Muy de cuando en cuando compraba un donut
y disfrutaba de la ocasión especial de
principio a fin.
No se trataba solo de conseguirlo y ya.
Nada de eso.
Probablemente, salir triunfante donut en mano, comparado con el resto de
micro experiencias, que me llevaría puestas, era lo menos importante.
Y es que, el hecho mismo de traspasar el umbral de la panadería, esta vez como
protagonista desde la perspectiva interior,
pero sin abandonar mi papel de tenaz observadora,
ya era fascinante.
Formar parte de una cola,
seguir las idas y venidas del dependiente...
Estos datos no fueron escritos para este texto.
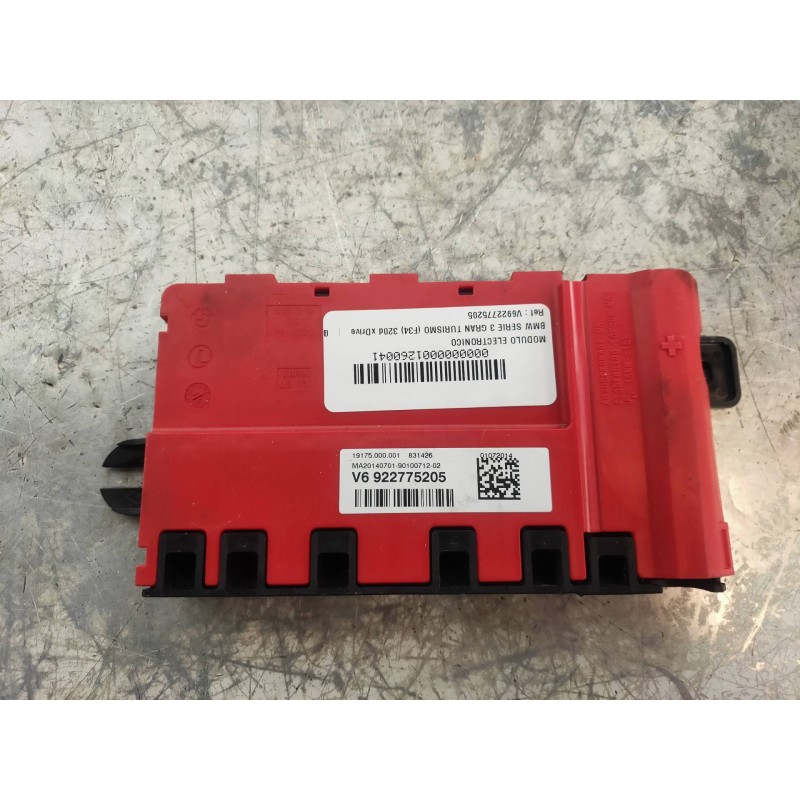 Recambio de modulo electronico para bmw serie 3 gran turismo (f34) 320d xdrive referencia OEM IAM V6922775205  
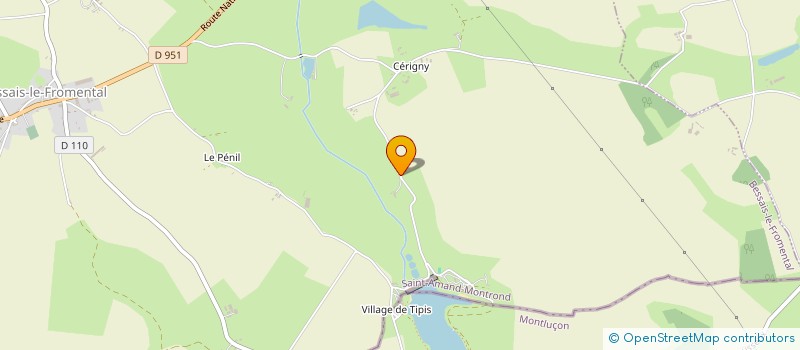 localisation de l'entreprise MONSIEUR JEREMY PARIZOT  BESSAIS-LE-FROMENTAL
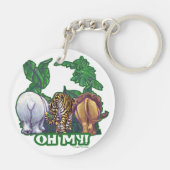 Porte-clés Lions Tiger Ours Oh Mon (Dos)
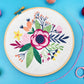 Poppy Floral Bouquet Embroidery Kit - Embroidery Kits - ohsewbootiful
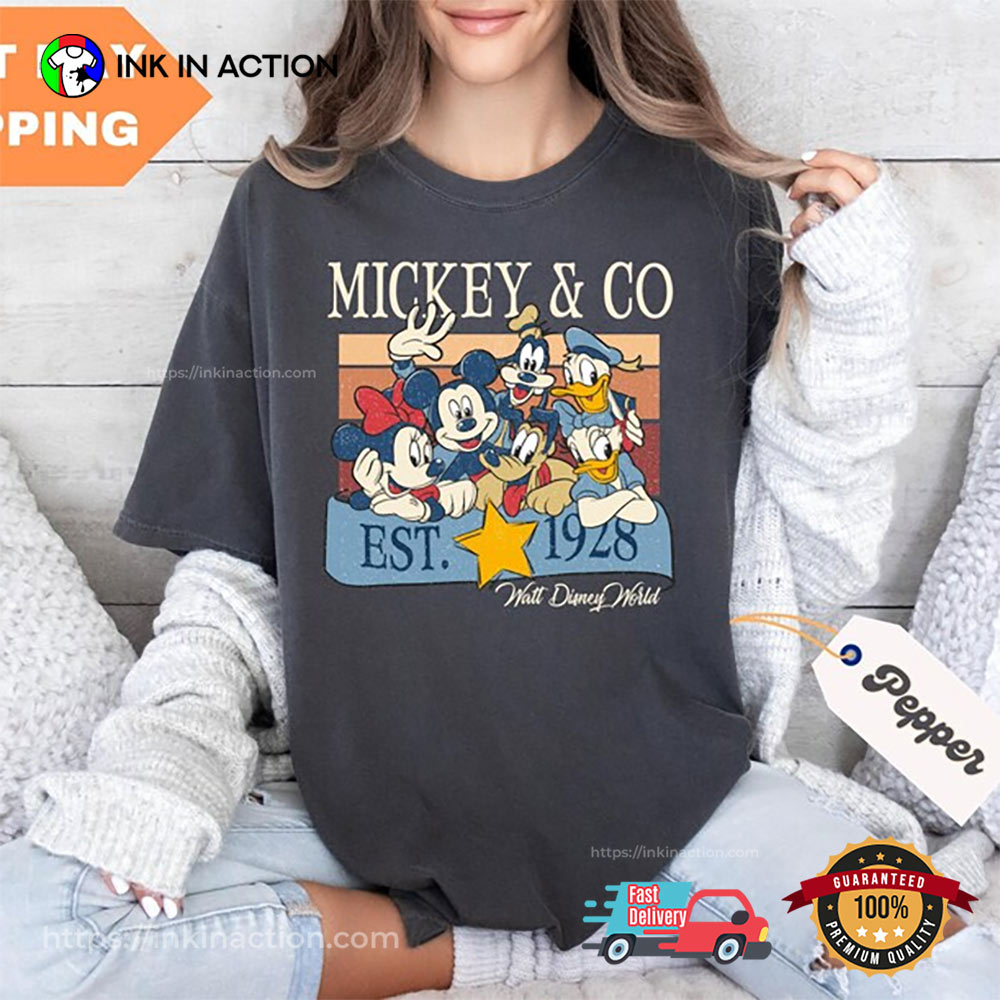 Vintage Mickey & Co 1928 Disney Family Comfort Colors Shirt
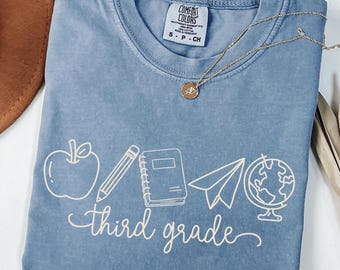Comfort Colors® Third Grade Teacher Shirt, 3rd Grade Tee, Back to School, Elementary Teacher Shirt, Teacher Gift, Grade Level Shirt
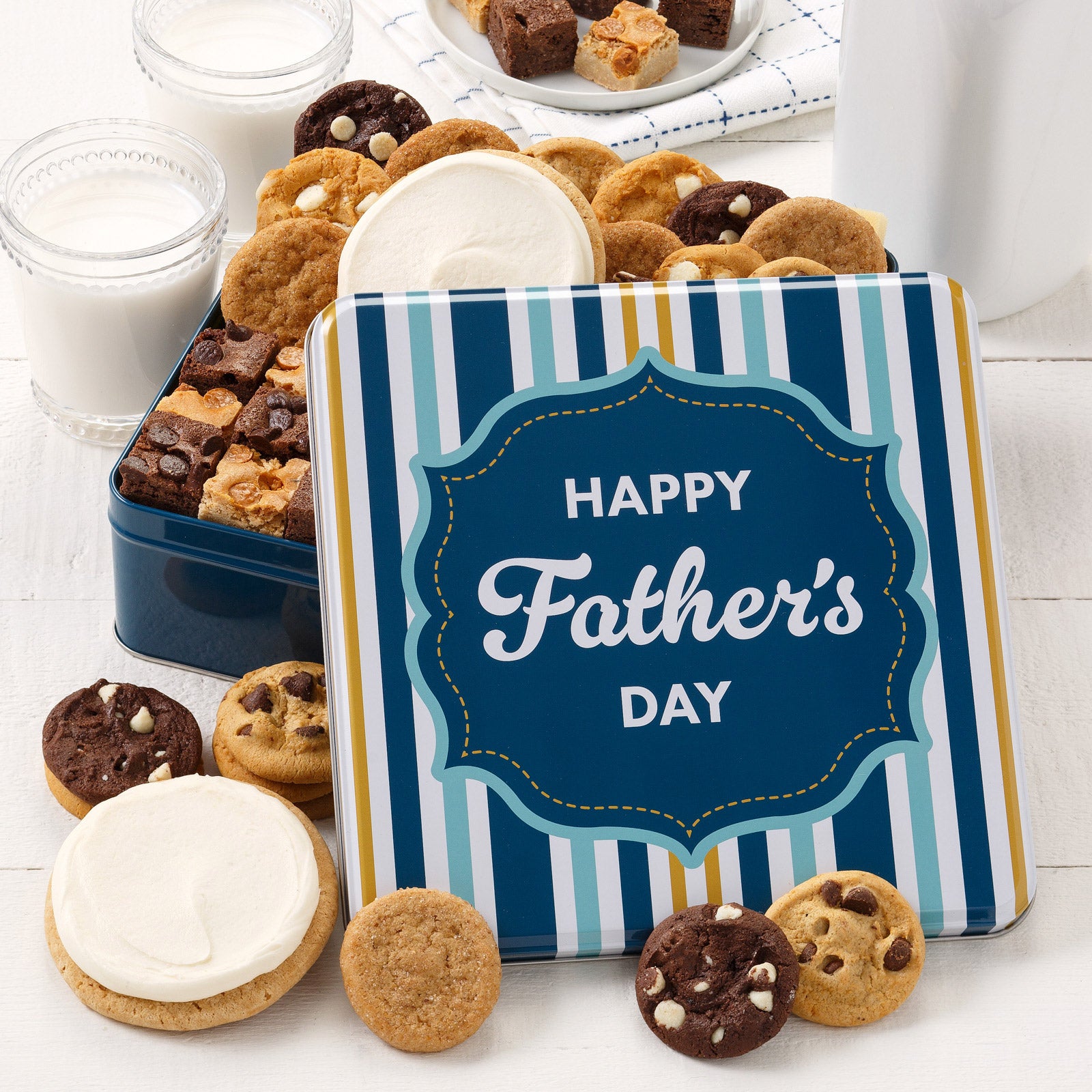 Mrs. Fields Happy Father's Day Cookie Combo Tin, 2.5 lbs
Y aunque todo el proceso se desarrollaba en segundos,
cuando me tocaba el turno
mi mente lo registraba todo a cámara lenta:
ver cómo las bonitas pinzas de acero inoxidable con los extremos floriformes
sobrevolaban la bandeja para escoger mi donut
y depositarlo sobre el mostrador donde le aguardaba un tosco pliego de papel
marrón.
Y, durante el breve lapso que el dulce permanecía a la vista antes de ser envuelto,
mi cabecita había mapeado ya la orografía del que sería mi
donut hasta el más mínimo detalle:
un delicioso país redondo
con una superficie plagada de lascas de azúcar glaseada aquí y allá.
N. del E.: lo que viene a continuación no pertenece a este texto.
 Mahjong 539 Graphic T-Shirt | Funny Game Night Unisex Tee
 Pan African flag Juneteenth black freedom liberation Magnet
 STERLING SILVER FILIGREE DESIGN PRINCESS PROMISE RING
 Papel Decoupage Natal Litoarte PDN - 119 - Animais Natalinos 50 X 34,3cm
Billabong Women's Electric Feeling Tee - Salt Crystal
Y como colofón final, el espectacular ritual de empaquetado:
el donut ocupaba el centro del papel
y el dependiente lo tapaba haciendo coincidir en dos picos
los cuatro extremos de cada lado del pliego
y, con los dedos índice y pulgar de ambas manos,
daba dos o tres rápidos giros de 360 grados
hasta que los dos filos de la hoja
quedaban completamente retorcidos.
De este modo el delicado dulce permanecía completamente resguardado
en su interior.
Y entonces el donut ya estaba listo para llevar (a cambio de 5 pesetas*),
y con él todas
esas sensaciones mucho más valiosas que
atesoro intactas.
--------------------------------------------
* 5 pesetas equivalían a 3 céntimos de euro.